Es una cámara nueva de Sony, alfa 99 se llama, que salió en el otoño y tiene unas características de profesional. Por desgracia el precio y las unidades disponibles están es polos opuestos: caro y pocas.

----------


## tescelma

> Al mío lo han detenido por lo menos durante seis meses.
> La Sony que esperaba se ha quedado con Baltasar hasta el verano.


Vaya maquinorro, si me invitas a un café te la cambio por la mía (no me importa esperar hasta verano)  :Big Grin:   :Big Grin:   :Big Grin:

----------


## perdiguera

> Vaya maquinorro, si me invitas a un café te la cambio por la mía (no me importa esperar hasta verano)
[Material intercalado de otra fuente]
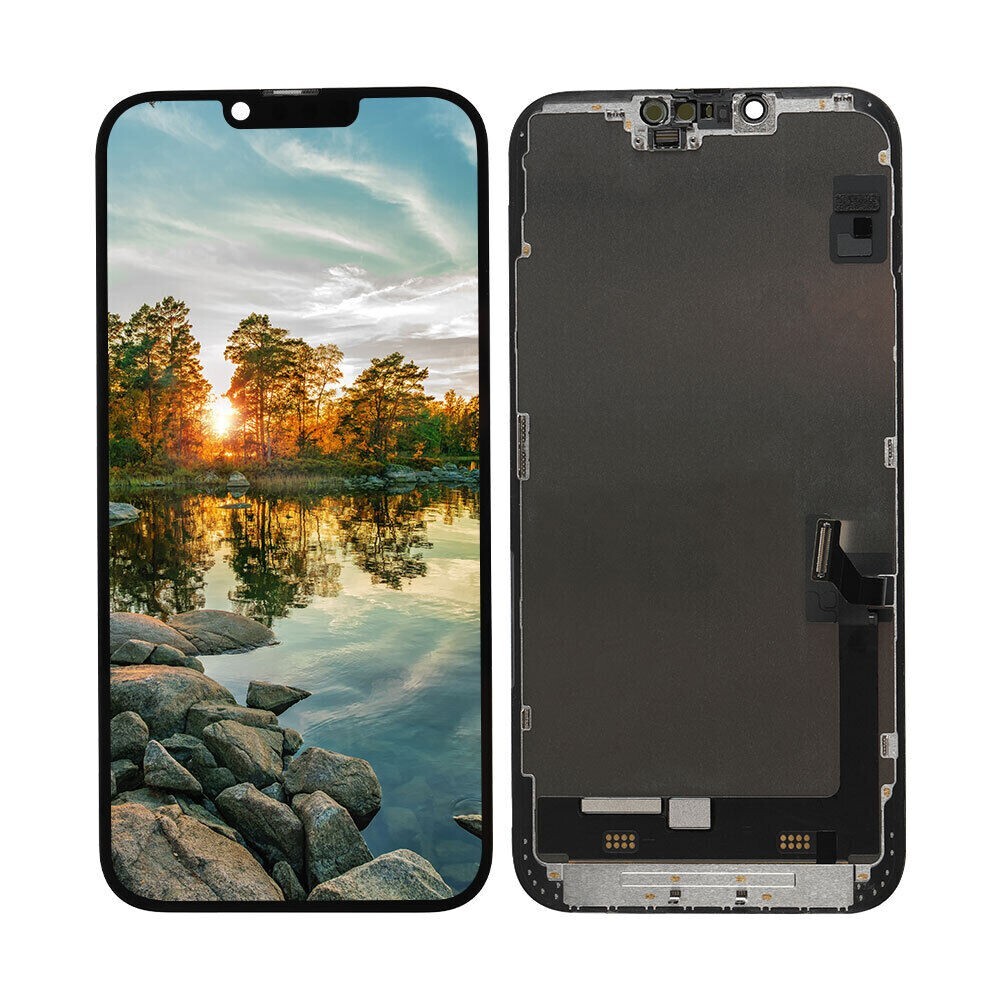 Incell For iPhone 14 Plus 6.7" LCD Display Touch Screen Digitizer Replacement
Pues llegará en el verano si puedo ahorrar para la fianza de Baltasar, aunque el niño ha ayudado algo no es bastante.

----------


## tescelma

> Nos han traido casi lo mismo. A mi me trajeron la Canon EOS 650D (Es un modelo un pelín mas nuevo que el tuyo) pero aún así, la 600D sigue siendo un gran regalo. Disfruta de la cámara como haré yo con la mía.
> ...
> 
> Saludos Cordiales


Pues estuve mucho tiempo pensando si merecía la pena pagar más por la 650D, al final no llegué a ninguna conclusión y opté por la 600D por cuestiones monetarias  :Frown: . Ahora casi me arrepiento, aunque el tema económico era un hándicap importante. La primera decepción me la llevé cuando fui a grabar vídeo y me di cuenta que no tiene enfoque continuo como la 650D. En fin, habrá que acostumbrarse al enfoque manual o tomas fijas, sin que el objeto se desplace demasiado, no se, ya iré probando. Aunque la verdad es que, aunque la quiero más para fotos que para vídeo, elegí ésta porque hacía vídeos FullHD progresivo.
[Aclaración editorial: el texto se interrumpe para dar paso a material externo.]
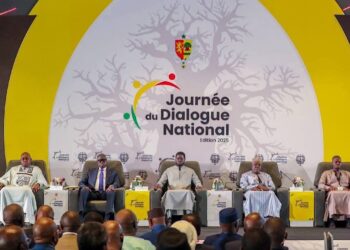 السنغال: انطلاق حوار وطني قاطعه حزب صال وشارك فيه رموز نظامه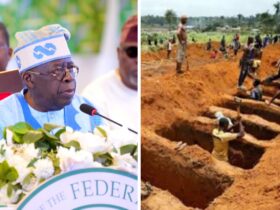 ADC Blasts Tinubu for Partying at Argungu Fishing Festival While Over 1,300 Nigerians Killed in 41 Days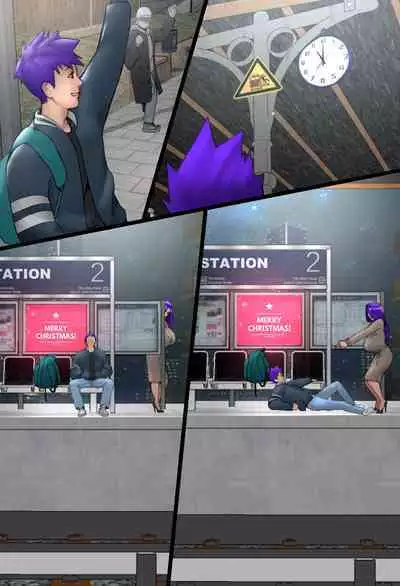 Dear Mother Clara 03 | 亲爱的克拉拉妈妈3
Hasta ahora solo he realizado una tanda de fotos de interés, que son las que colgué en el hilo de Ricobayo (embalse bajo 2012): http://foros.embalses.net/showthread...icobayo/page10. La verdad es que como era mi primer contacto con una reflex digital, tiré cuatro fotos por toma con parámetros diferentes (Auto+, CA, P y Av) en jpg (todavía no me he metido con el raw); y hay una diferencia tremenda, al final me quedé con las de Av.

Bueno, ya me contarás como te va con la 650D para que se me caiga la baba al igual que el "maquinoro" de perdiguera, la has visto?.

SALUDOS

SALUDOS y a tirar fotos sin parar

----------